Mónica Gris Cortés había recibido amenazas de las hijas de su expareja sentimental, quien la ayudó a instalar un negocio de venta de uniformes escolares en el Centro Histórico.

Las amenazas iban en aumento y los familiares de Mónica Gris, de 43 años, las señalan como las principales sospechosas de haber ordenado su muerte.

La noche del miércoles, como lo dio a conocer ayer El Gráfico, la mujer fue asesinada de cinco balazos cuando circulaba en su Jetta por la avenida 608, en la colonia San Juan de Aragón, en la Gustavo A. Madero.

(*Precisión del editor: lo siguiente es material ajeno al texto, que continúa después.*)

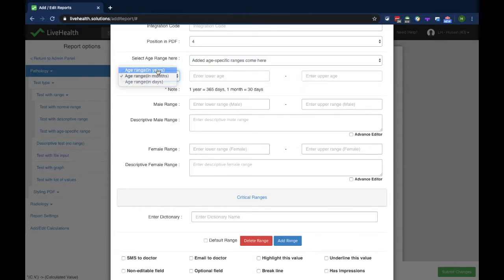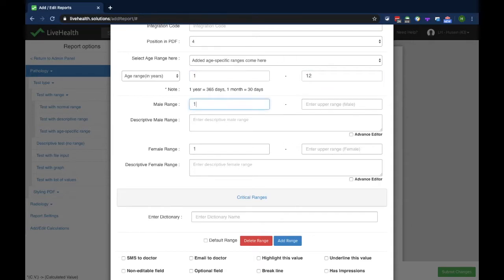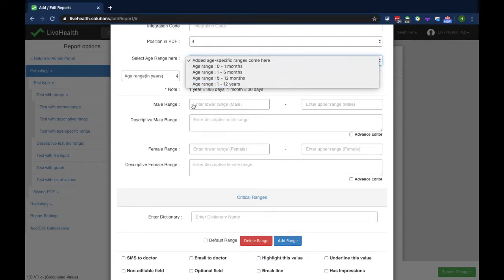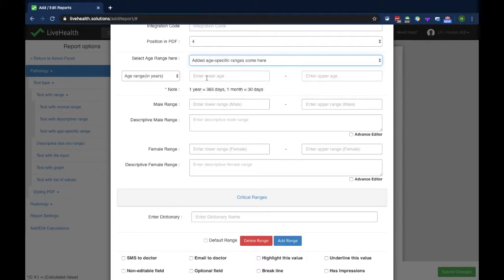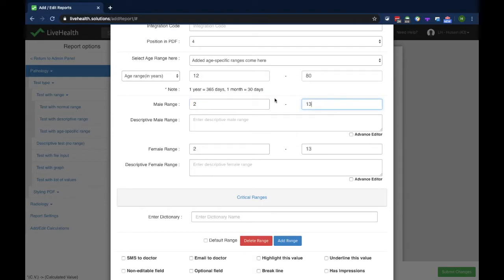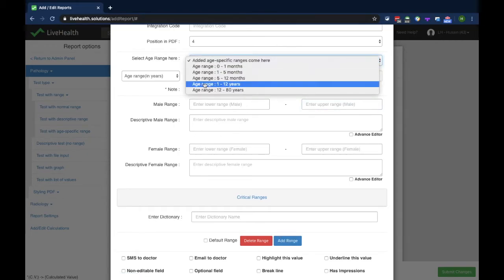Next I'll add a range from 2 years to 12 years with a value of 1 to 5, then from 12 years to 80 years. After clicking add range, all ranges from 0 days to 80 years have been added.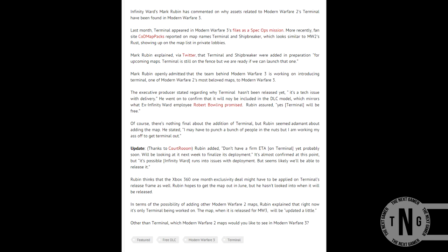There will be a link in the description from someone from Infinity Ward, confirming that these maps will be released and they will be free. So please click the link in the description, which will take you to the confirmation page. Have a nice day and goodbye.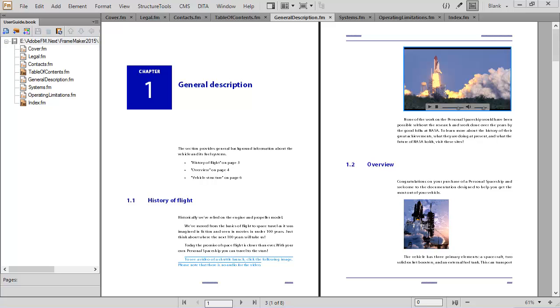When delivering FrameMaker content, share a document, a book, or even a DITA map. It's easier than ever to include everything you need.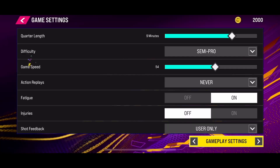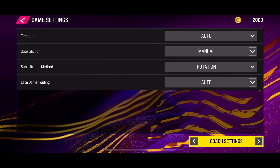Go to the Game Setting. Here in the Game Setting, you need to change to Coach Setting. In the Coach Setting, you will be able to change the substitution method.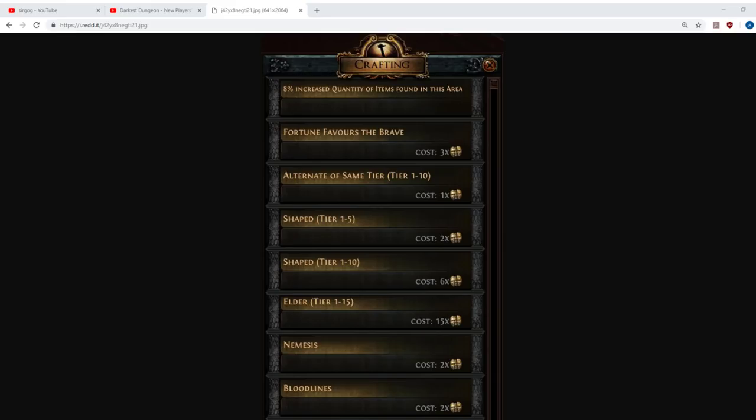Howdy all, grab yourselves a beer, it's time to talk Path of Exile. Synthesis League spoilers are coming out as the development team starts to build some hype for the new league.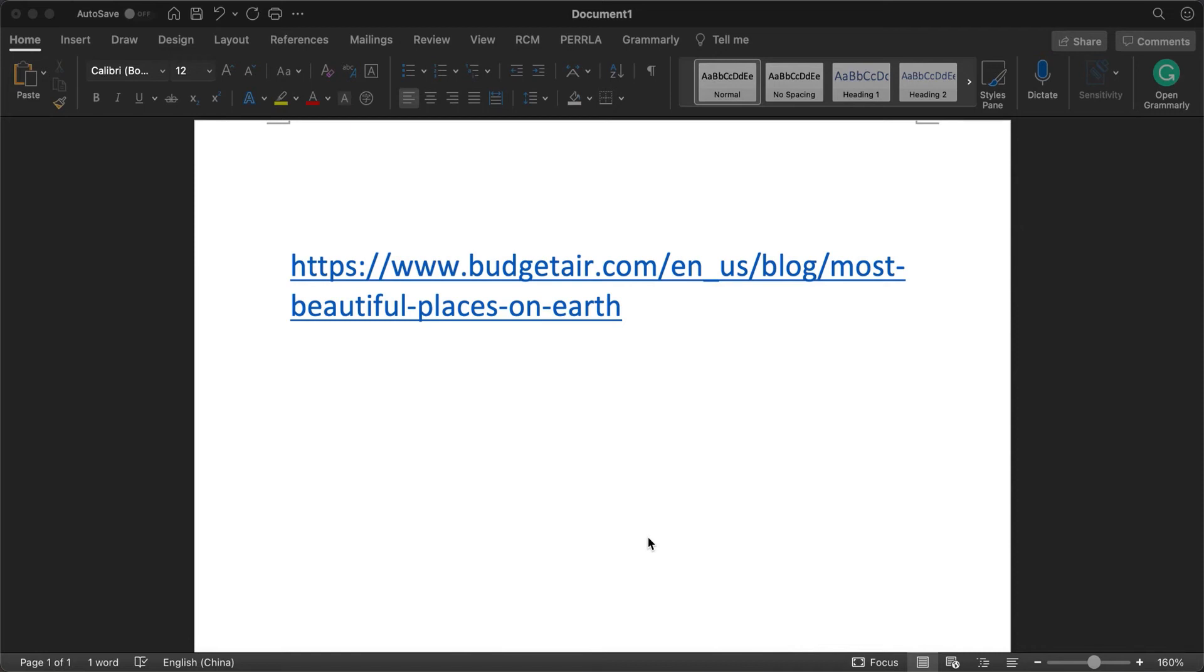Hello, class. For our writing midterm project, we are going to focus on creating a descriptive article for a newsletter.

Una mujer que la acompañaba sobrevivió al ataque. Según testigos, alrededor de las 21:00 horas, cuando circulaban hacia el Estado de México, fueron atacadas por los tripulantes de una moto. Mónica recibió cinco tiros, tres en el hombro derecho y dos más en el cuello, Frida «N», de 18 años, un rozón en la cabeza.

Al lugar llegó un hijo de Mónica, quien identificó el cuerpo. Dijo que las hijas de la expareja de su madre nunca aceptaron que su padre, quien ya falleció, le hubiera puesto a Mónica un negocio de venta de uniformes junto al de ellas en la calle Corregidora.

Ante el MP de la Coordinación GAM-8 el hijo de la víctima ratificó sus señalamientos, por lo que agentes de la PDI están tras la pista de las mujeres imputadas.